Concernant les dépenses au titre de la cohésion, qui représente le deuxième poste de dépenses de l’Union, soit 36 % du budget, on ne peut que déplorer la forte baisse des paiements qui sont amputés de 14, 5 % dans le projet de budget pour 2009. Il faudrait pourtant veiller à ce que les ressources nécessaires aux politiques de cohésion demeurent garanties afin de pouvoir relever les défis actuels et futurs au vu du principe de solidarité prévalant au sein de l’Union européenne.
Il faut lutter contre les disparités économiques, sociales et territoriales. C’est sur ce plan que l’Europe est attendue par les populations. C’est dans la lutte contre les inégalités que la construction européenne trouvera son sens profond.
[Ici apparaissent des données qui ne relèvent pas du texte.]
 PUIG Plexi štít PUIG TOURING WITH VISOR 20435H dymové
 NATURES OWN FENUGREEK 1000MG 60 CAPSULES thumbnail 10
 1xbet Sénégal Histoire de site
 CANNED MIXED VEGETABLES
Les dépenses rattachées à la rubrique « Conservation et gestion des ressources naturelles » recouvrent essentiellement la politique de la PAC. Il s’agit du premier poste de dépenses, représentant encore aujourd’hui 42 % du budget. Pourtant, selon les perspectives financières, les politiques agricoles devraient progressivement diminuer. Ainsi, à réglementation constante, la France risque de cesser d’être destinataire de l’aide de la PAC, dès 2013, du fait de la montée en puissance des aides directes dans les nouveaux États membres. La refonte annoncée et attendue de la PAC représente des enjeux majeurs. À l’heure actuelle, seuls 25 % des agriculteurs européens perçoivent des aides de la PAC.
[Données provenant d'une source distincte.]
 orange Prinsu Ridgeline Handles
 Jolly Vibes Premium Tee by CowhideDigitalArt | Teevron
S’agissant des actions relevant de l’espace « Justice, liberté et sécurité », nous ne nous étonnerons pas que les crédits consacrés au programme-cadre « Solidarité et gestion des flux migratoires » soient en nette augmentation. Ils soutiennent une politique européenne qui s’inscrit dans un mouvement répressif, comme le confirme le pacte européen sur l’immigration et l’asile adopté au Conseil européen les 15 et 16 octobre derniers.
Pourtant, aucune politique sécuritaire ne permettra de répondre aux causes des migrations vers l’Europe.
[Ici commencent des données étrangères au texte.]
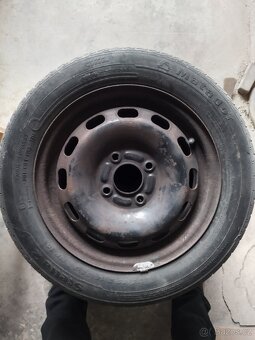 plechová kola Ford s pneu 175/65 R14 - 7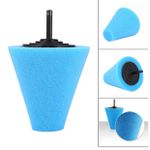 Cone de Espuma Polimento para Furadeiras Ômega 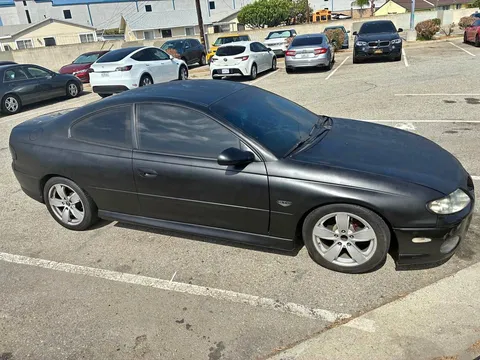 2004 Pontiac GTO Coupe 2D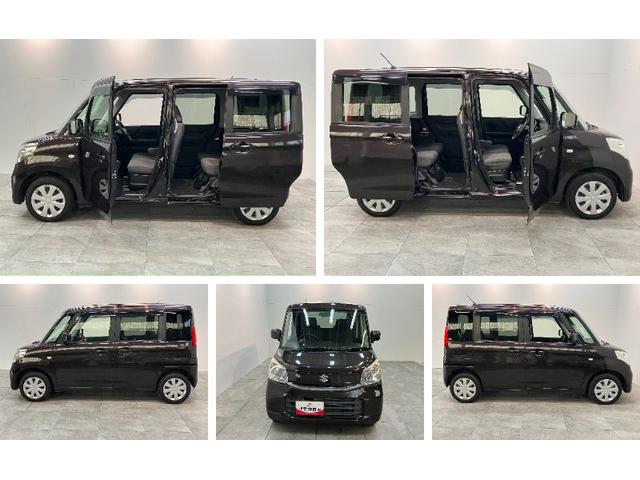 スペーシアＧ　ワンセグナビ　ＥＴＣ　シートヒーター　スマートキーワンセグナビ　ＥＴＣ車載器　ＵＳＢ　オートエアコン　スマートキー　電動格納式ミラー　シートヒーター　マニュアルレベリング　エコアイドル　両側スライドドア（滋賀県）の中古車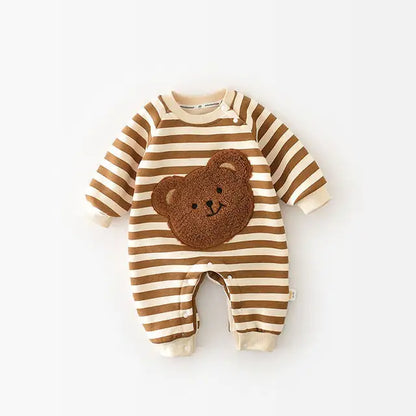 Little Bear Romper: Cozy Comfort & Charming Style for Baby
S’agissant des actions extérieures, le budget octroyé reste dérisoire. L’insuffisance des moyens alloués au Kosovo, au Moyen-Orient et à l’aide alimentaire est inadmissible, cela sans parler de la politique européenne dans le conflit Israélo-palestinien, qui mériterait un tout autre engagement de l’Europe. Cela confirme que l’Union européenne refuse de devenir un acteur majeur sur la scène internationale.
En définitive, le budget de l’Europe n’est pas à la hauteur des enjeux. Au-delà de la question, toujours éludée, d’une véritable augmentation du budget européen, la question fondamentale de la répartition des crédits est significative de l’orientation de la construction européenne, qui reste fondamentalement libérale.
Pour toutes ces raisons, le groupe CRC votera contre cet article 33.